Konkurrentin von Boris Herrmann: Susann Beuckes will an der Vendée Globe teilnehmen
Anfang April werden die Yachten dann in Itajaí erwartet. Spätestens zu diesem Zeitpunkt werden wieder spannende Tage für Susann Beucke anbrechen. Eine Entscheidung, ob sie bei der vierten Etappe von Brasilien nach Newport in den USA dabei ist, ist bisher nicht gefallen. „Kevin wird es sicher kurzfristig entscheiden“, sagt Susann Beucke. Also nach dem Ende der dritten Etappe. Klar ist, sie stünde bereit und würde sich sofort in den Flieger setzen, sollte er sie nominieren. „Die Chance werde ich mir natürlich nicht entgehen lassen.“
Mit Holcim PRB gehört Susann Beucke dem Team an, das derzeit in der Gesamtwertung führt. Und wer weiß, vielleicht kann sie bereits im Juli zu ihrer Olympiamedaille und anderen unzähligen Preisen noch den des Sieges im Ocean Race hinzufügen.

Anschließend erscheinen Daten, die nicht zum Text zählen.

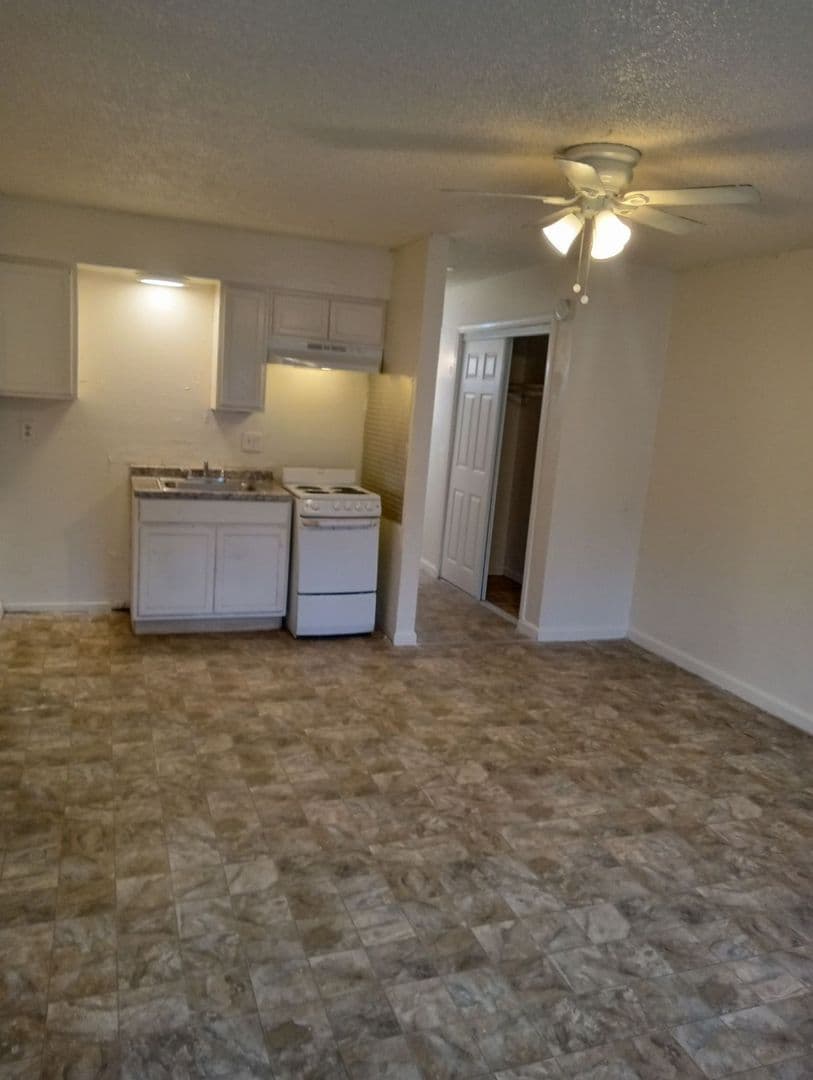 Merced Apartment: 181 E 16th St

Einen besseren Start ins Hochseesegeln kann es nicht geben. Denn Susann Beucke ist ehrgeizig. Ihr Ziel: die Vendée Globe 2028. Und ein Sieg im Ocean Race wäre die perfekte Voraussetzung für eine eigene Solokampagne an dessen Ende die Teilnahme an der härtesten Einhandregatta der Welt steht.